Mary wrote:In addition, he actually says that he thinks maybe some other things are going on in there, so I have an endoscopy scheduled for 10/13 where he'll biopsy for celiac (I've had neg blood tests, but know those are inaccurate to say the least).
Sadly, your doc appears to be totally lost and confused.

Presumably, he's trying to learn more about the disease by using you as a guinea pig. According to the formal diagnostic criteria for celiac disease, a Marsh 3 level of damage to the villi of the small intestine is required. Research shows that the blood tests will remain negative below that level of damage, and will turn positive when the Marsh 3 stage is reached. Therefore, if your serum tests were negative, the odds of him finding sufficient villus damage to qualify for a formal diagnosis of celiac disease are rather slim — not zero, but slim. This test will almost surely just provide unnecessary stress and inconvenience for you, and transfer money from your insurance company's bank account into your doctor's bank account. No useful information will be gained.

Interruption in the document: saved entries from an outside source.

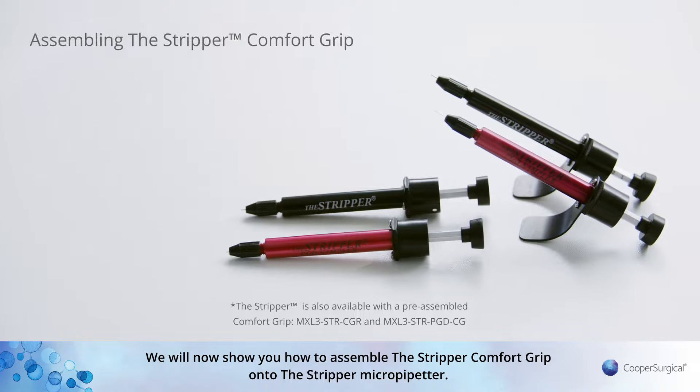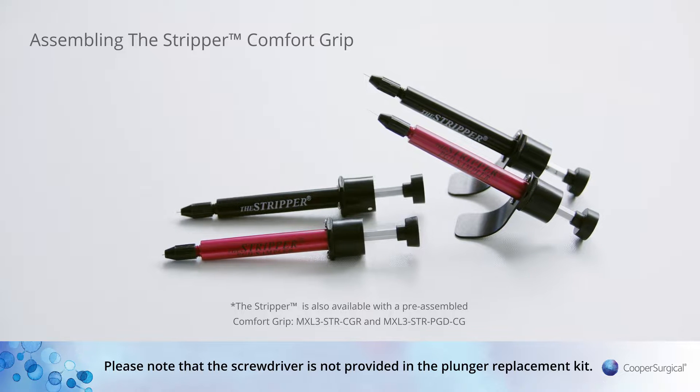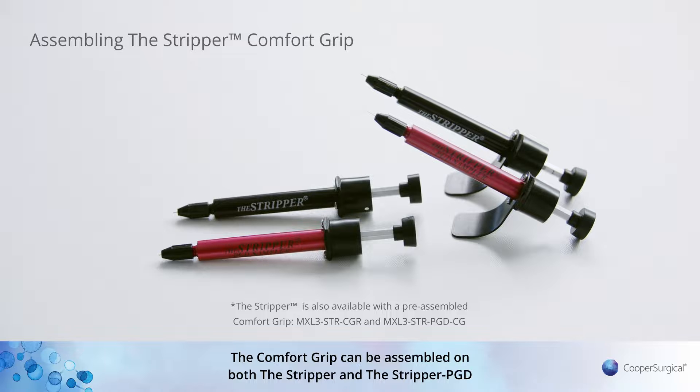We will now show you how to assemble the Stripper Comfort Grip onto the Stripper micro-pipetta. Please note that the screwdriver is not provided in the plunger replacement kit. The comfort grip can be assembled on both the Stripper and the Stripper PGD.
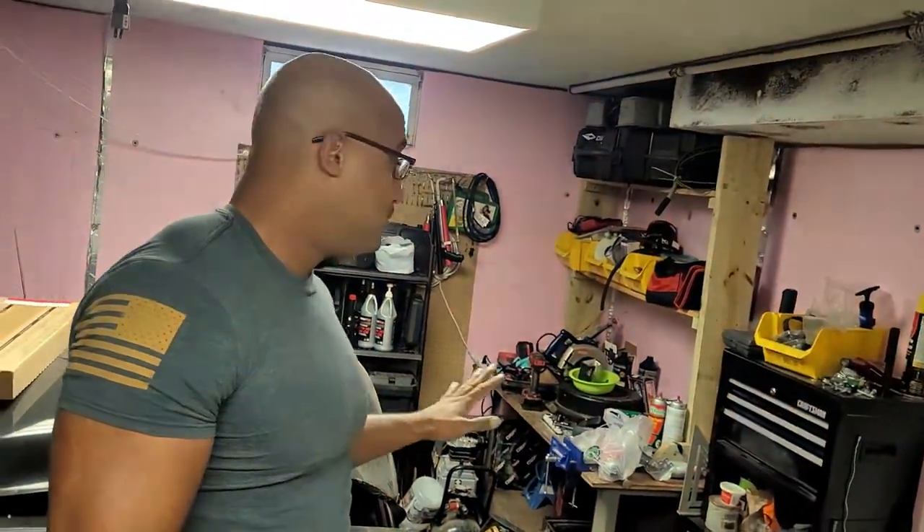Hey guys, Smith here with Minute Maintenance. It's almost winter time and we're starting to get a little bit colder outside, which means I'm not going to be able to work in my driveway as easily and comfortably as I have been all summer, spring and fall. I need to come into my garage when working on personal projects as well as projects for friends, family, and customers, and I'm going to need to make this a clean space. Stick with me — let's get some cleaning done.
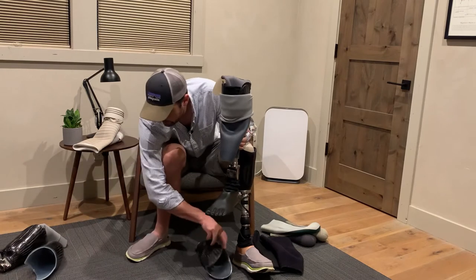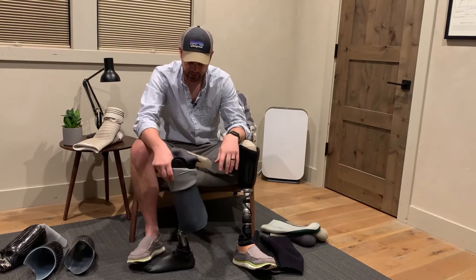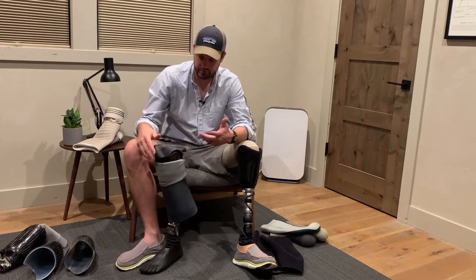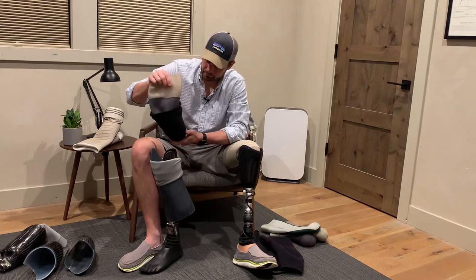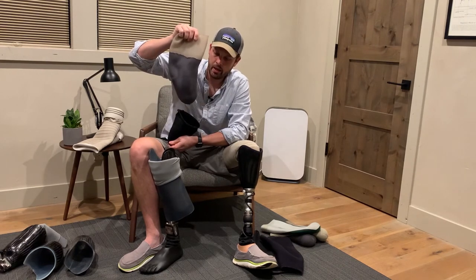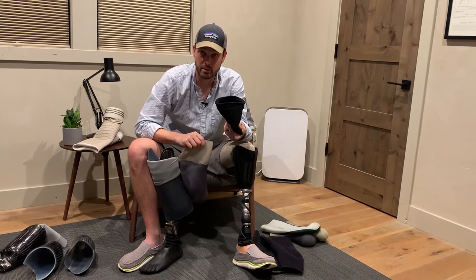This is kind of the whole package here. This is now my more durable leg that I'm not worried about getting beat up because it's built like a tank — it's just a solid leg. You've got your liner, and over the course of a day your leg size changes, and that's where socks come in.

Yes, if your doc orders the EnteroLab tests, you have it made, and your insurance will probably pay for the tests also. Unless he believes in treating MC by diet changes though, the odds of him ordering the tests are probably not good.
Actually, if you have read chapter 9 in my book, you should realize that a celiac diagnosis is irrelevant, because MC trumps celiac disease, and proper treatment for MC will resolve celiac symptoms. In case you don't have a copy of the book, this is what I'm referring to, from pages 110–112:
Are celiac disease and microscopic colitis actually symptoms of another disease?
Many research reports point out that the laboratory markers and the clinical symptoms of the two syndromes are very similar. Both celiac disease and microscopic colitis are associated with an elevated lymphocyte count in the mucosa of the intestine. With celiac disease, the lymphocytic infiltration eventually leads to villus atrophy in the small intestine. This is typically true if the patient has either a DQ2 or a DQ8 gene.11 Note that an early stage of celiac disease, known as Marsh stage 1 enteropathy, is marked by an intraepithelial lymphocyte count greater than 30 lymphocytes per 100 enterocytes.12
However, even though histological changes in the colon are not a diagnostic criteria for celiac disease, researchers have long known that with celiac disease, not only is the small intestine inflamed, but typically so is the colon and the stomach.13 As evidence of this, Wolber et al. (1990) stated:
These findings indicate that sprue-associated colonic lymphocytosis and lymphocytic colitis are histologically, quantitatively, and immunohistochemically indistinguishable, that the epithelial T cell infiltration of celiac sprue occurs in glandular mucosa at all levels of the gastrointestinal tract, and that colonic subepithelial collagen deposition in patients with celiac sprue is an infrequent occurrence. These findings also suggest that gastrointestinal epithelial T cell infiltration may be an immunologic response that is common in individuals sensitized to absorbed lumenal antigens, and that colonic lymphocytosis may occur as a response to a number of antigens, including gluten.
(p. 1092)
In 1998 Fine et al. concluded, “In contrast, colonic histopathology in refractory sprue is indistinguishable from lymphocytic colitis, although immunohistochemical differences do exist.” (p. 1433).14 Clearly then, both celiac disease and microscopic colitis cause identical cellular changes in the mucosa of the colon.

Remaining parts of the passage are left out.